Bill (with sore fingers)
 
Hi Bill:
I went through the proces with the sleeves in my engine. Tapping is a real laugh. It takes brute force. Like a 5 pound sledge and a big drift punch. I also let them soak for days with liquid wrench. I would not even consider trying to break them, too much potential for collateral damage. What I did was to take one whack at a time around the perimeter of the sleeve. They slowly started to move down so more liquid wrench and more whacking. If you have a friend that has a machine shop it would be simple to make a steel billet of the right size. I didn't, so it was a big drift punch and a substantial whacker. The drift punch needs to have a perfect flat surface because you are not beating on a big edge. In fact I ended up using a large cold chisel.
Any how, lots of luck, don't give up, they will come out.

Cheers, Tinkerman
 
GOTTEM!!! I know have one swollen left index finger (I slipped) and four really rusty (on the outside) sleeves sitting on the ground. How much rust in the water cavity is too much? I mean, is it possible that this thing could be terminally rusted? I think I am being paranoid. Now, just a few more bolts and I can slide this puppy aside until I can load her in my pickup to take to the block doctor.

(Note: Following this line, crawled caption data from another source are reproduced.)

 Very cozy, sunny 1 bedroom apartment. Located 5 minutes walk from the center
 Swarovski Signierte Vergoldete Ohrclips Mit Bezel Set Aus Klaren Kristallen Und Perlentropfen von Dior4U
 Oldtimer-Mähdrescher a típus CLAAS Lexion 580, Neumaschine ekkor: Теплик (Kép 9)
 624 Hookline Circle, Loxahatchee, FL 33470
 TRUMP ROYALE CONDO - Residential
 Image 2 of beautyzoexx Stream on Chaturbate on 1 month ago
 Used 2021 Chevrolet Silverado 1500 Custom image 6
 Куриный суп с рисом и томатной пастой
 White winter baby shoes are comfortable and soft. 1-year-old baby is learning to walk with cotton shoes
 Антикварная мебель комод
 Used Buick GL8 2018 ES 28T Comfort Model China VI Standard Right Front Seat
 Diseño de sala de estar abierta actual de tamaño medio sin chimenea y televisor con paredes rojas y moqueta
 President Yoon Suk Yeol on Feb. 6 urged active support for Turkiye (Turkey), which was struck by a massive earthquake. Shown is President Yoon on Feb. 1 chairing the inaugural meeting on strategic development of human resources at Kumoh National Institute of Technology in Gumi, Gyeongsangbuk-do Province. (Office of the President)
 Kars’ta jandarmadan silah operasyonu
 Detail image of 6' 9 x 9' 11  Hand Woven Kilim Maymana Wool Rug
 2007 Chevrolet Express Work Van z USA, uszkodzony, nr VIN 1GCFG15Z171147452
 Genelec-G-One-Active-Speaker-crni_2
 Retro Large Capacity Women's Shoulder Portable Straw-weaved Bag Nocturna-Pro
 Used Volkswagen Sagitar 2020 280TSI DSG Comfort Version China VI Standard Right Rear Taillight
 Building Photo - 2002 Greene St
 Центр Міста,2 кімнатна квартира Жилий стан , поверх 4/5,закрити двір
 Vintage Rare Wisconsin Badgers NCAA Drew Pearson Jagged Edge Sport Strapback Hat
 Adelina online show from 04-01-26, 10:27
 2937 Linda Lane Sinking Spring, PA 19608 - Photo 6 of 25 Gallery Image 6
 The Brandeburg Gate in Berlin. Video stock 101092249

Thanks for the encouragement.


Bill
 
Hi Bill:
Glad you got them out. I wouldnt worry about the rust until your block doctor cleans it up and then take a look at the block. The nature of the beast is that it is a wet sleeve engine, and you will have some rust. I had one pundit tell me that the blocks are bullet proof and I suspect he is correct.
Good luck, Tinkerman
 
Hi Bill,

Glad you were successful.

A small but important thing, if the folks doing the block cleaning aren't very familiar with wet liner engines, you might point out they need to be very careful around the seats for the figure 8 gaskets. Those surfaces need to be as good as possible to make for the best seal.

You'll also be replacing the camshaft bearings and core plugs, right?

Even after "boiling", check the area around the cam followers and inside the oil galleries. There's often still some swarf left in there.

And, maybe you are already aware, there are plugs in either end of the crankshaft that can be removed to allow cleaning its internal oil passageways, too. Look for the hex head plugs.